Le magasin sans personnel dispose de 138 caméras au plafond (contre 38 pour l’EDHEC). La technologie développée est basée sur une solution de pesée, via les étagères équipées de balance, permettant d’identifier les articles. Les capteurs identifient les mouvements avec des algorithmes d’intelligence artificielle de la start-up israélienne Trigo. Une technologie déjà en cours dans cinq magasins Tesco au Royaume-Uni, chez Aldi à Utrecht (Pays-Bas) et en Allemagne avec Netto. Et c’est une première collaboration avec un distributeur français. Auparavant Auchan s’était associé à la société chinoise Cloudpick, mais la technologie moins agile obligeait l’enseigne à modifier ses rayons. « Nous devions lui prendre les frigos et gondoles. Aujourd’hui, nous pouvons utiliser notre mobilier et adapter les rayons à la taille du produit, en conditions réelles, dans une optique de scalabilité ou de passage à l’échelle », explique Malvina Nortier, chef de projet Auchan Go.

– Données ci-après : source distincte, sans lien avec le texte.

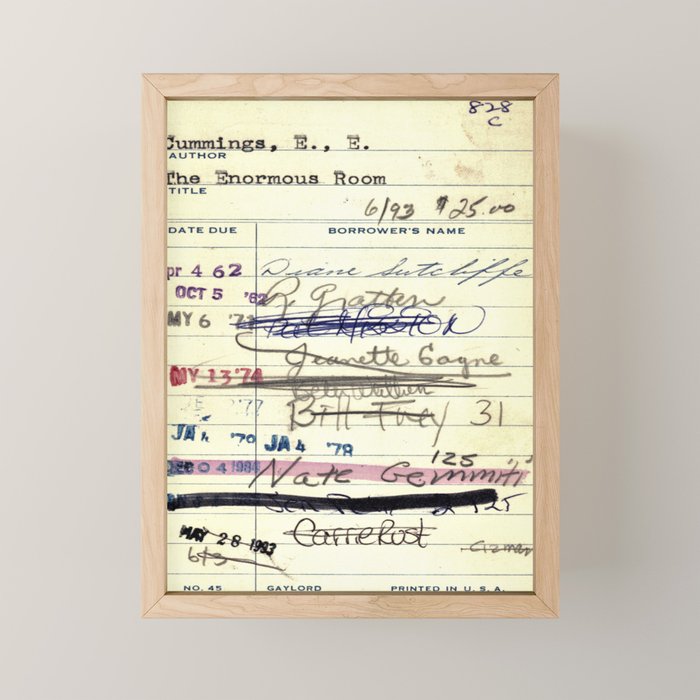 Library Card 828 The Enormous Room Mini Art Print Gallery Image 1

Une volonté de scalabilité
Côté chiffres, Auchan ne communique pas sur l’investissement. Le panier moyen n’est pas encore connu. « Nous avons eu beaucoup de visites mais nous devons analyser le nombre d’achats réalisés et leur fréquence », pointe Emilie Salori. En comparaison, au magasin de l’Edhec plus petit et avec moins de références, le panier moyen est de 4 euros (environ un article et demi par client) avec 400 clients par jour et jusqu’à 800 passages lors de la période d’examens (la clientèle étant composée d’étudiants, Auchan le fermera cet été pendant un mois du 15 juillet au 15 août, les frais d’exploitation étant plus élevés que le nombre de visiteurs durant cette période, NDLR).

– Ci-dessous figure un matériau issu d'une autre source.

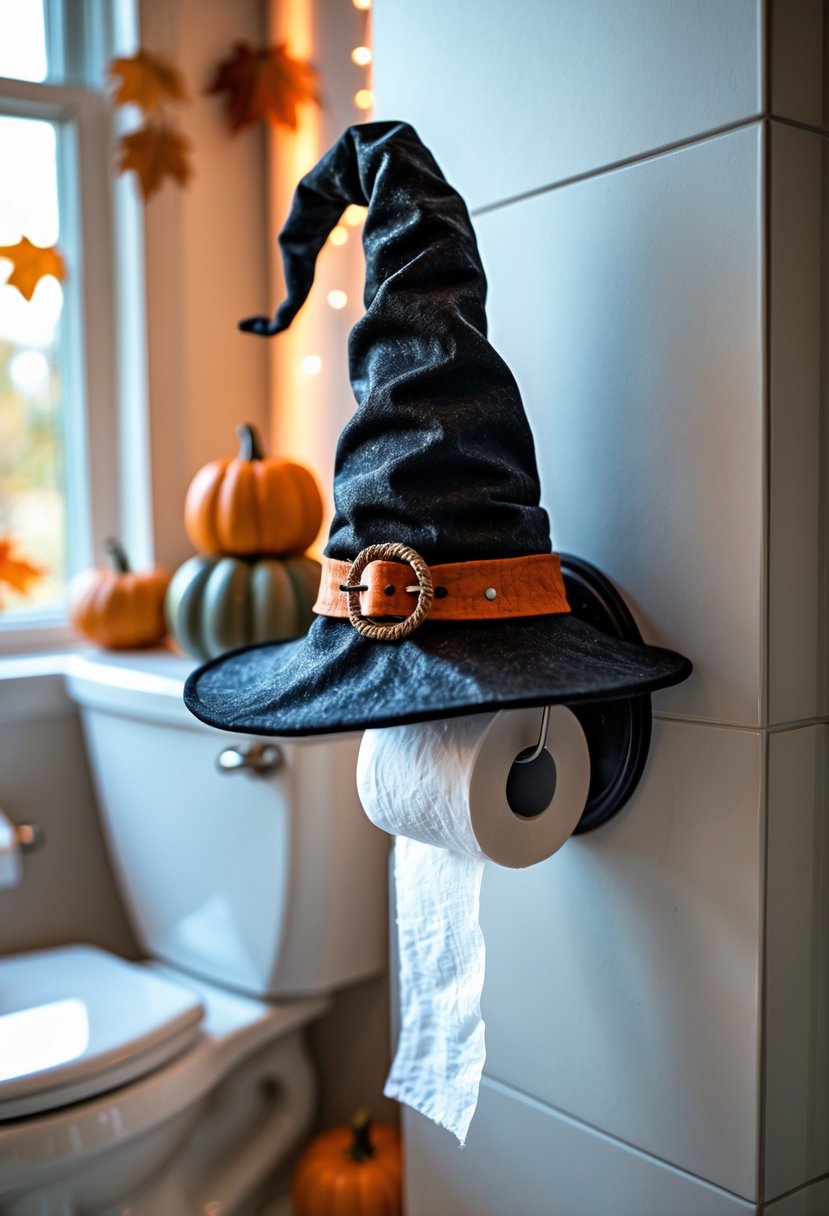22 Halloween Bathroom Decor Ideas for a Spooky Seasonal Makeover 13 A bathroom with a witch hat-shaped toilet paper holder mounted on the wall next to a white toilet, surrounded by small pumpkins and autumn decorations.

Le distributeur ambitionne de pouvoir industrialiser ce nouveau format. « Nous voulons passer à l’échelle et de ne pas être bloqué à un seul magasin », affirme Samir Amellal. Si le concept est encore en phase test, Auchan se donne « trois à quatre mois » pour réfléchir à un possible plan de déploiement l’an prochain dans des lieux à fort trafic (campus, entreprises, hôpitaux, centres-villes). Dans les faits néanmoins, les expériences de magasins autonomes restent peu concluantes en France dans la grande distribution, en raison des coûts d’exploitation et de la nécessité d’embarquer les consommateurs. Le projet Blackbox de Monoprix ne s’est pas déployé, Carrefour a fermé son « Carrefour Flash » pour une nouvelle configuration « dans les prochains mois ». Il sera donc intéressant de voir si Auchan réussit à trouver le bon modèle économique.